A small-scale slow sand filter is a tank, usually uncovered, containing a set of underdrains covered with graded gravel which supports a bed of fine sand. The tank is filled with water to above the level of the sand. The water passes down slowly through the sand to the underdrains and is purified as suspended particles and microbes are removed in the sand. Figure 1 shows a simple slow sand filter.
Figure 1. A simple slow sand filter
Incoming water must be relatively clear, with turbidity below a maximum 20 TU and ideally an average reading of below 10 TU.

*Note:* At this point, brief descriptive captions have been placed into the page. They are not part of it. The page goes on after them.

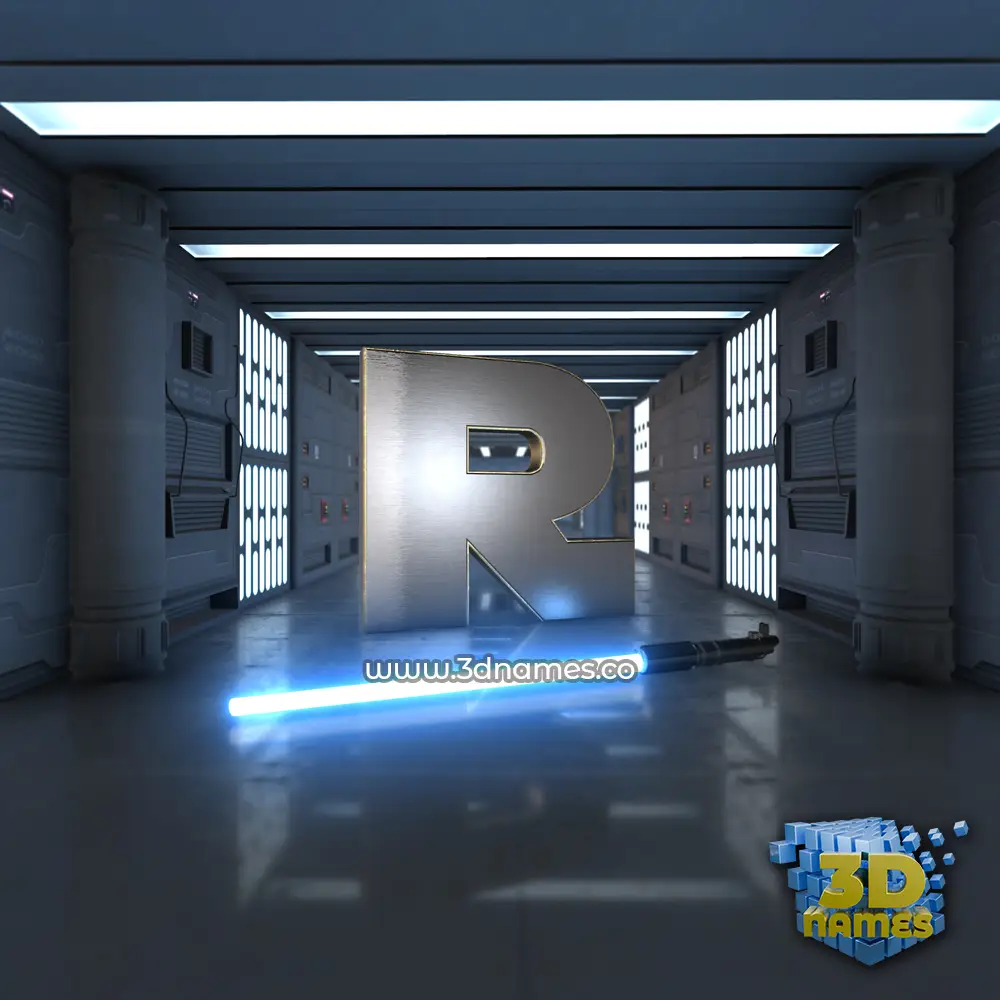 r in Light Saber style - 3D name wallpaper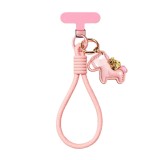 New Year's leather phone lanyard leather pony pendant keychain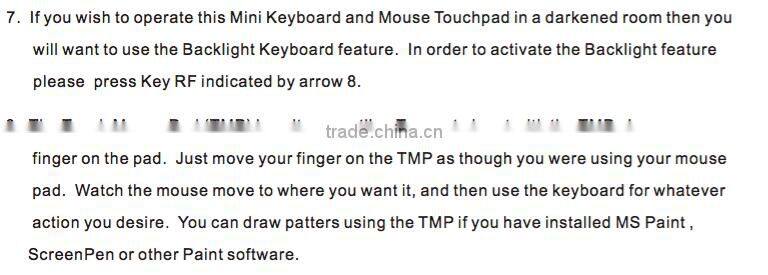 2.4G RF Mini Wireless Keyboard And Mouse With Touchpad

After several weeks or months the top 0.5-2 cm of the sand becomes clogged and reduces the rate at which water can flow through the sand. When this happens, this top layer should be removed to restore the filtration capacity. Water should be allowed to flow through the filter for one or two days before the filter is put back into operation.
Flow control is essential and can be done at the inlet or outlet. A minimum head mechanism to prevent drying of the bed if the source of water is interrupted is essential, particularly where the source flow is variable.
Although slow sand filters are most commonly used for community water supplies, they can be built to serve individual households. These units generally work on a variable flow rate and because of this are likely to be much less efficient.
Sanitary inspections of slow sand filters
Sanitary inspections of slow sand filters should be carried out regularly to ensure that they are functioning correctly and that an adequate water supply is maintained (see Fact Sheet 2.1). The key points and observations to make during a sanitary inspection of a slow sand filter are:
• The turbidity of the inlet water should be below 10 TU.
• The turbidity of the outlet water should be below 5 TU.
• The flow rate in the filter should be constant and in the range 0.1 to 0.3 metres per hour.
• The depth of sand in the filter bed should be at least 0.7 metres.
• The filter should have a minimum head device which is in working order and in operation.
• The tank should have no leaks which would allow filter water to escape and surface water to enter.
• Sand removed during cleaning should be washed and restored.
Records of all the above and cleaning records should be checked.
Advantages and disadvantages of slow sand filters
Slow sand filters have the following advantages:
• Very effective in improving the microbiological and physicochemical qualities of water.
• Very easy to operate and maintain.
Disadvantages of slow sand filters are:
• Vulnerability to clogging when the incoming water is of high turbidity; when dealing with such waters, pre-treatment, such as sedimentation or roughing pre-filtration, is required.
• Large areas of land are required on which to build the filter.
Factors influencing slow sand filtration efficiency
The removal of microbes and organics in a slow sand filter is a biological process. The efficiency of the filter is therefore affected by time, oxygen, temperature and the need for beneficial microbes in the water to grow. These are described below:
The time available for the reactions to take place in the filter bed is determined by the sand depth and the flow rate; these are discussed in more detail below, under "Slow sand filter installations".
The activity of the bacteria in the filter bed uses up oxygen. If the amount of oxygen in the incoming water is low or it has a high organic content, the microbial reactions will be less effective and the bacterial quality of the outlet water will decrease.
This is difficult to control, although filters can be covered in cold weather.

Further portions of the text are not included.